Hollanda İstihbarat ve Güvenlik Teşkilatının (AIVD) güvenlik soruşturmasından geçemeyen Markuszower'in PVV'de kalmasına göz yuman Wilders, Markuszower'in hükümette başbakan yardımcısı olarak da görev yapmasını planlıyordu.

Wilders'in, Markuszower yerine Göç ve İltica Bakanlığına önerdiği PVV'li Milletvekili Marjolein Faber'in ismi, koalisyon ortağı diğer partiler tarafından tartışılmaya devam ediyor.
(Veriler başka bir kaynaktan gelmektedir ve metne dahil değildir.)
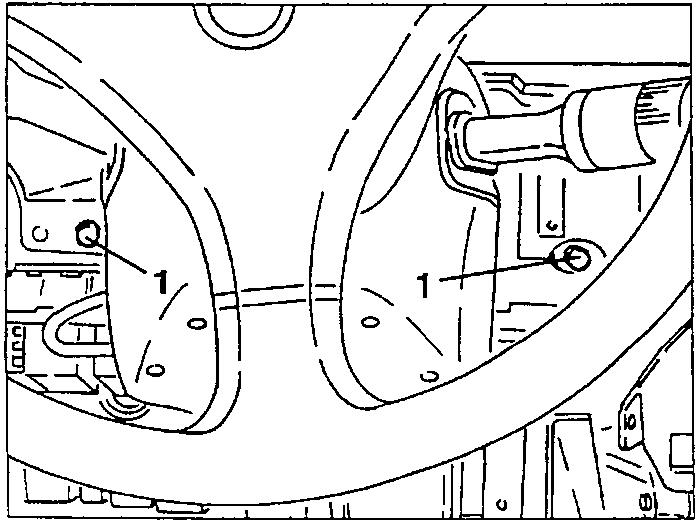 Diagram showing two screws on driver's side securing dashboard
Koalisyondaki partiler, Faber'in görüşlerinin aşırı sert ve demokratik değerlere uygun olmadığını belirtirken adaylığının da Wilders'in başını ağrıtması bekleniyor. Hamas karşıtı ve İsrail destekçisi söylemleriyle bilinen Faber, Birleşmiş Milletler (BM) karşıtı söylemleriyle de dikkati çekiyor.

WILDERS'İN PARTİSİ OY KAYBETTİ

Kasım ayında düzenlenen genel seçimleri açık ara önde tamamlayan Wilders'in partisi PVV, yaklaşık 6 ay sonra yapılan AP seçimlerinde büyük oranda oy kaybederek ikinci sıraya geriledi. Hollanda'daki AP seçimlerinde eski Avrupa Birliği Komisyonu Başkan Yardımcısı Frans Timmermans'ın liderliğindeki İşçi Partisi (PvdA) ve Yeşil Sol (Groen Links-GL) ittifakı yüzde 21,6 oyla birinci sırada yer alırken Kasım 2023'teki genel seçimlerde yüzde 23,5 oya ulaşan PVV, AP seçimlerinde yüzde 17,7'de kaldı.

İSLAM KARŞITI TEKLİFLERİNİ GERİ ÇEKTİ

İsrail'i "Batı'nın İslam'a karşı ilk savunma hattı" olarak nitelendiren ve Kur'an-ı Kerim'in Hollanda'da yasaklanmasını isteyen Wilders, PVV'yi kurduktan sonra İslam karşıtı faaliyetlerine hız vermişti. Koalisyon sürecinin başlamasıyla birlikte, İslam karşıtı söylemlerinin tonunu değiştirirken 2018'de ülkedeki camilerin ve İslam okullarının kapanmasını, Kur'an-ı Kerim ile burkanın yasaklanmasını içeren "İslami ifadelerin yasaklanması" başlığıyla sunduğu kanun teklifini geri çekti.

Wilders, ayrıca çifte vatandaşlığı bulunanlara seçme ve seçilme hakkı verilmemesini ve DEAŞ üyelerinin yargılanmadan 6 ay gözaltına alınabilmesini içeren tekliflerini de geri aldı. Uzmanlar, Wilders'in yeni koalisyon hükümetinin kurulmasına engel oluşturmaması amacıyla bu yasal düzenleme girişimlerinden geri adım attığını ifade ediyor.